Captioned web image data
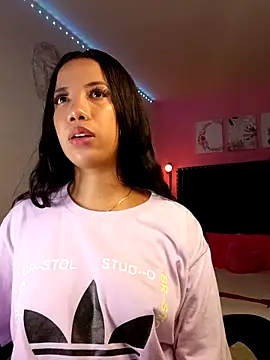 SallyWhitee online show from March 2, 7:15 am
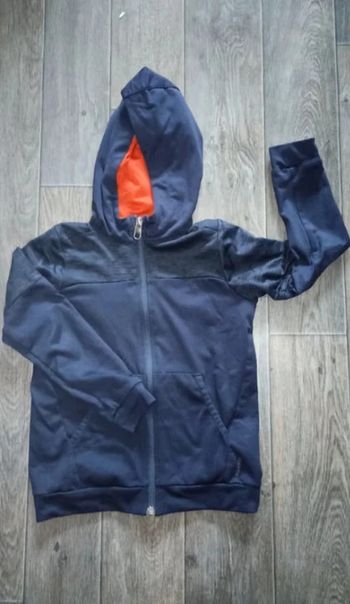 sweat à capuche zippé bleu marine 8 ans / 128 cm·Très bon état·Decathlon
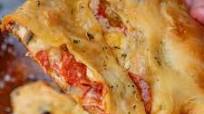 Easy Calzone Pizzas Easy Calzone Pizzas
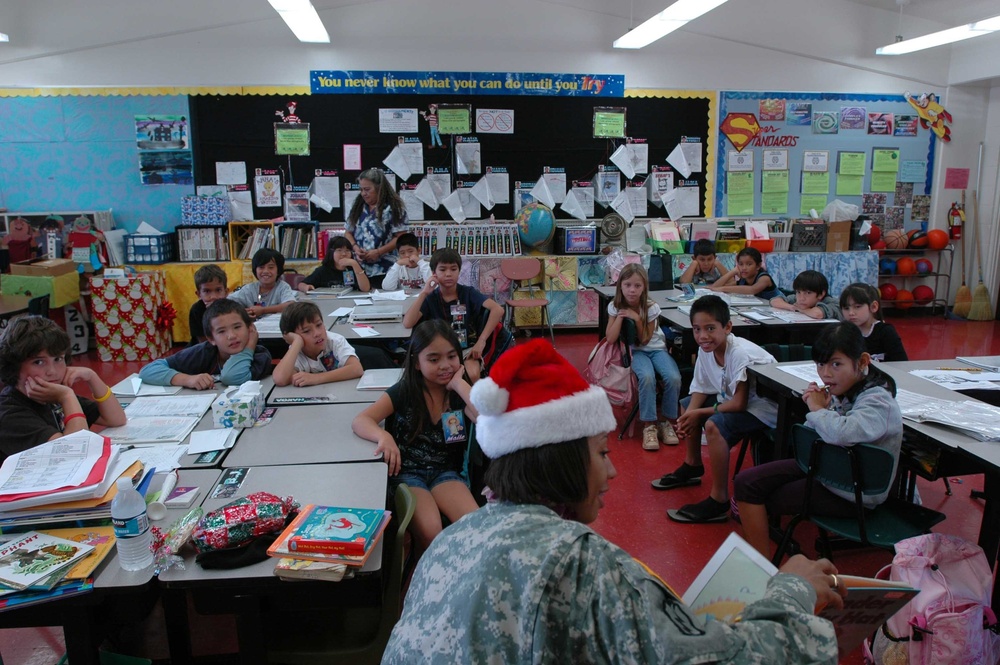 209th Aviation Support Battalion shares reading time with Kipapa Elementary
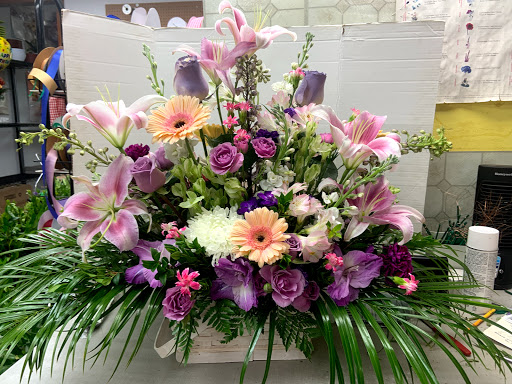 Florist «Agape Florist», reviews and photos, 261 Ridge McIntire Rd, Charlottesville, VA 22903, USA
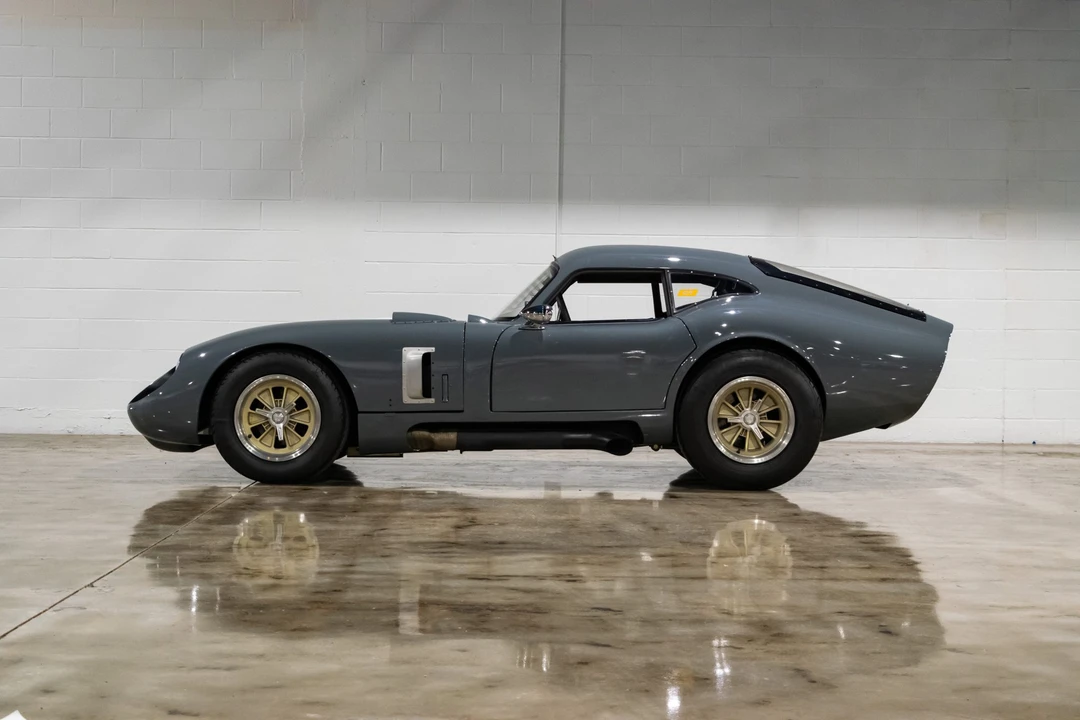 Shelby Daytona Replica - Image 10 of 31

▶ What you need to do:
All of the data must be set down exactly, with no pictures included.

▶ Answer area:
 SallyWhitee online show from March 2, 7:15 am
 sweat à capuche zippé bleu marine 8 ans / 128 cm·Très bon état·Decathlon
 Easy Calzone Pizzas Easy Calzone Pizzas
 209th Aviation Support Battalion shares reading time with Kipapa Elementary
 Florist «Agape Florist», reviews and photos, 261 Ridge McIntire Rd, Charlottesville, VA 22903, USA
 Shelby Daytona Replica - Image 10 of 31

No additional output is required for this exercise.